Supplied material section start
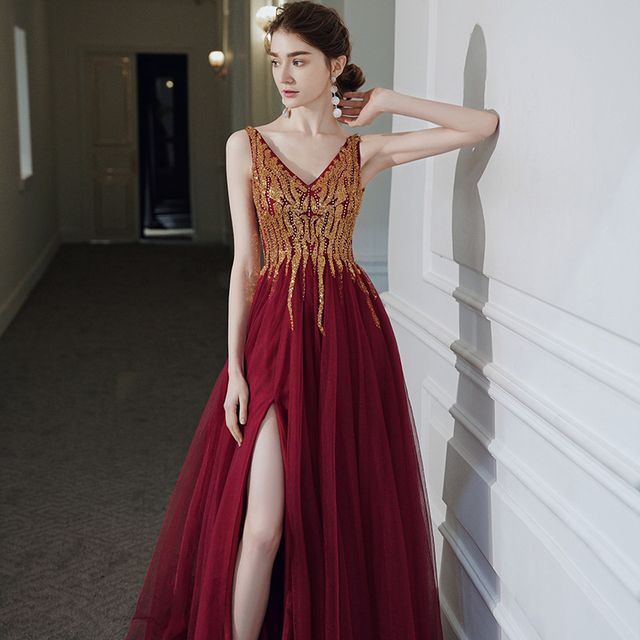 V-Neck Evening A-Line Glitter Gown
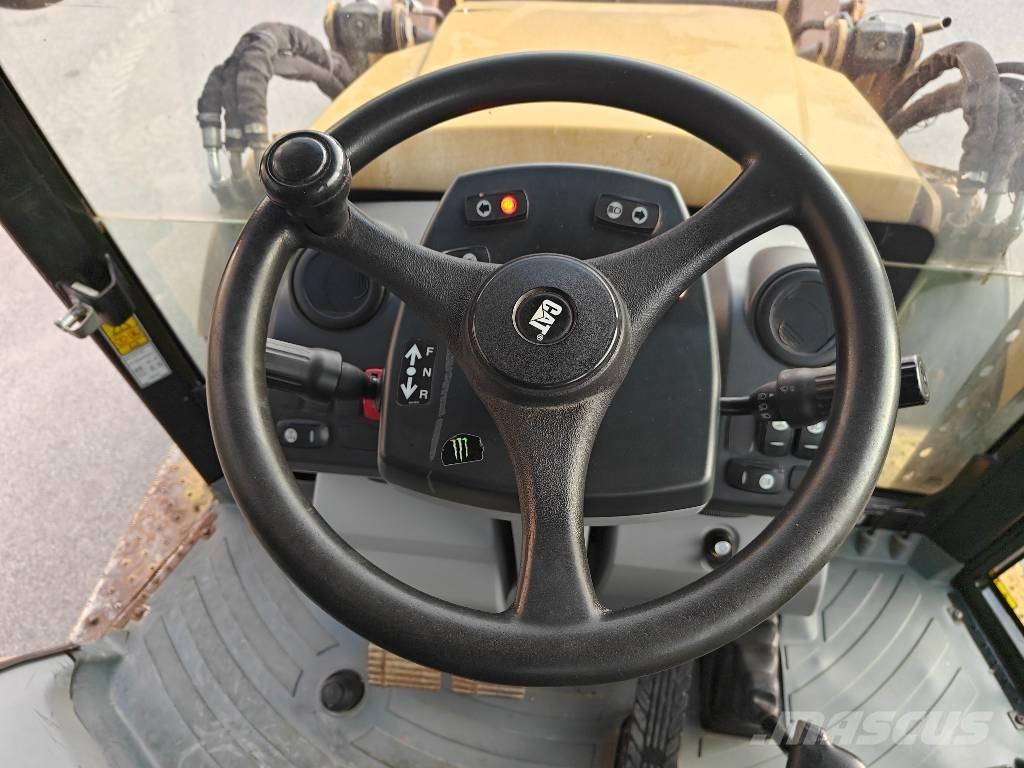 CAT 428 F لوادر ذات جرافات عكسية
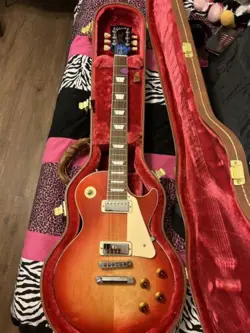 2023 GIBSON LESPAUL DELUXE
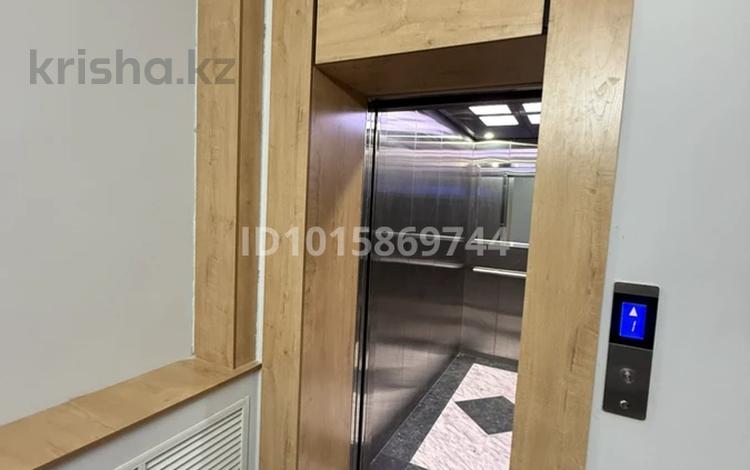 1-бөлмелі пәтер · 44 м² · 8/9 қабат, Ескі аэропорт ш/а., Самал 72/3, бағасы: 20 млн ₸ в Уральске, мкр Старый Аэропорт — фото 2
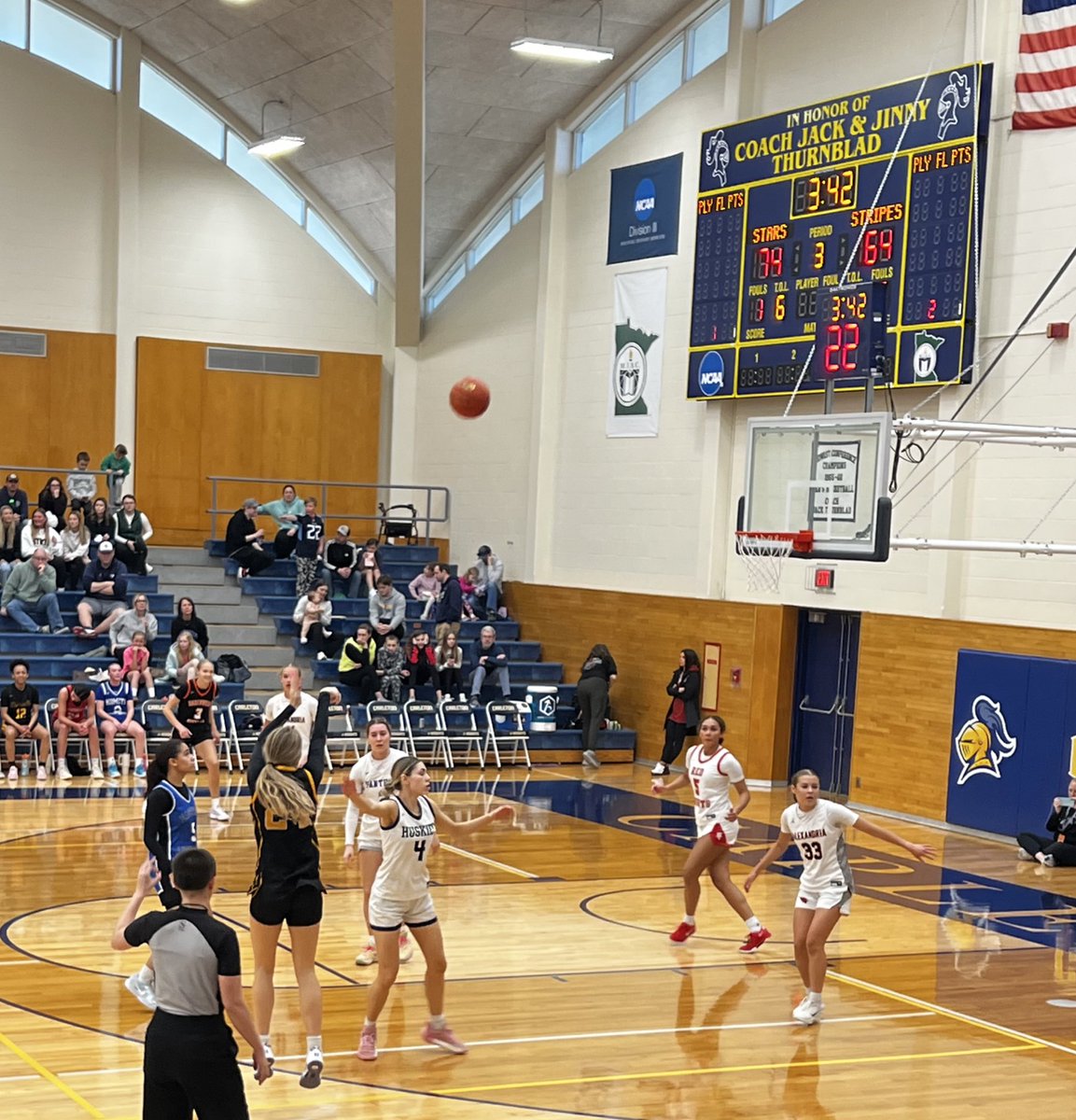 Byron Girls Hoops (@byrongirlshoops) on Twitter photo Congrats to <a href="/kendra_harvey21/">kendra harvey</a> on a great HS career! Fun to watch her rep the Black and Gold one final time! Cant wait to follow you <a href="/UNDwbasketball/">North Dakota Women's Basketball</a>
#FEAT 🐻⬇️ Congrats to <a href="/kendra_harvey21/">kendra harvey</a> on a great HS career! Fun to watch her rep the Black and Gold one final time! Cant wait to follow you <a href="/UNDwbasketball/">North Dakota Women's Basketball</a>
#FEAT 🐻⬇️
Supplied material section end
The response must consist of the entries above exactly as they stand, minus any pictures.

 V-Neck Evening A-Line Glitter Gown
 CAT 428 F لوادر ذات جرافات عكسية
 2023 GIBSON LESPAUL DELUXE
 1-бөлмелі пәтер · 44 м² · 8/9 қабат, Ескі аэропорт ш/а., Самал 72/3, бағасы: 20 млн ₸ в Уральске, мкр Старый Аэропорт — фото 2
 Byron Girls Hoops (@byrongirlshoops) on Twitter photo Congrats to <a href="/kendra_harvey21/">kendra harvey</a> on a great HS career! Fun to watch her rep the Black and Gold one final time! Cant wait to follow you <a href="/UNDwbasketball/">North Dakota Women's Basketball</a>
#FEAT 🐻⬇️ Congrats to <a href="/kendra_harvey21/">kendra harvey</a> on a great HS career! Fun to watch her rep the Black and Gold one final time! Cant wait to follow you <a href="/UNDwbasketball/">North Dakota Women's Basketball</a>
#FEAT 🐻⬇️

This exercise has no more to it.